Picked up a few 1960s copies of the Toronto Telegram's TV Weekly at an auction last week and suddenly pined for those days of handy little TV guides.
TV Weekly from four decades ago and the Toronto Sun's TV Magazine were five times the Sun Television guide being offered in the Sunday Sun in 2007.
Our 1966 issues of TV Weekly, at 102 pages, were roughly the size of the popular TV Guide and provided programming for 17 TV channels: 2 - WGR Buffalo; 3 - CKVR Barrie; 4 - WBEN Buffalo; 5 - CKSO Sudbury; 6 - CBLT Toronto; 7 - WKBW Buffalo; 8 - CKNX Wingham; 8A - WROC Rochester; 9 - CFTO Toronto; 10 - CFPL London; 10A - CFCH North Bay; 10B - WHEC Rochester; 11 - CHCH Hamilton; 11A - CKWS Kingston; 12A - CHEX Peterboro; 13 - CKCO Kitchener; 13A - WOKR Rochester.

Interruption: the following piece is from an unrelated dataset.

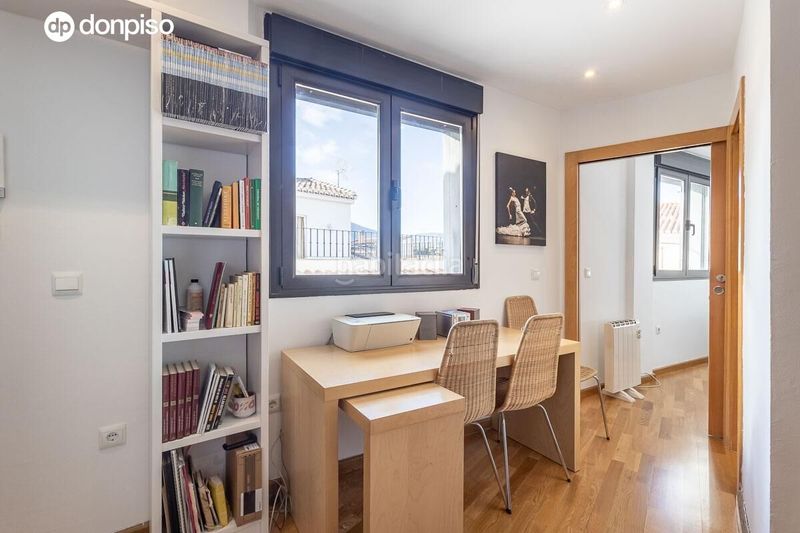 Foto ff442622-a67a-4ba1-9a6c-1f7a8f75f90a. Edifici a Dílar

Designed by Andy Donato, TV Weekly issues were filled with TV-related stories by Kathy Brooks and other Tely writers; wire service stories; a TV Comment column by George Anthony; Movies on TV by Charles Dennis; A Guest Column by actress Barbara Stanwyck; a Crossword puzzle; Focus - summaries of TV programs; episode details for most listings; a page for TV specials, another for sports.
In a nutshell, informative, helpful and handy.
Most of the people who packaged the Tely's TV Weekly were among the 62 Day Oners at the new Sun in November of 1971 and worked on a new TV magazine for Sun readers when the Sunday Sun was launched in 1975.
Thanks to Kathy Brooks, Gord Stimmell, Jim McPherson and many other Sun staffers, TV Magazine was a professional, 80-plus page publication enjoyed and appreciated by tens of thousands of Sun readers.
TV Magazine in the 1980s had feature stories, several columnists, including Jim McPherson (Movie Scrapbook, plus Channel Hopping); Eli Witmer (You Asked Us), John Cosway and later, Jim Thomson (Video Clips), Rob Langley (Sports Pulse) etc., numerous ads, episode descriptions etc.
One by one the features in the Sun's TV magazine disappeared and in 2007 it has been whittled down to one cover story, Soap Suds, TV Trivia and a Crossword puzzle, plus bare bones listings.
TV Guide in Canada, ignoring the thousands of television viewers who (a) do not have computers (b) do not surf the Internet (c) still prefer a handy printed guide, killed off its print edition last year.
The Sun has all but killed off the usefulness of its TV magazine.
Newspaper readers who buy their weekend papers for a dependable and informative television guide are now getting more for their money from the competition, including Gord Stimmell's meaty StarWeek at the Star.
Call it a generational quirk, buy we have a computer, we surf the Internet, we have satellite TV, but we still want and need a dependable weekly TV guide to thumb through daily.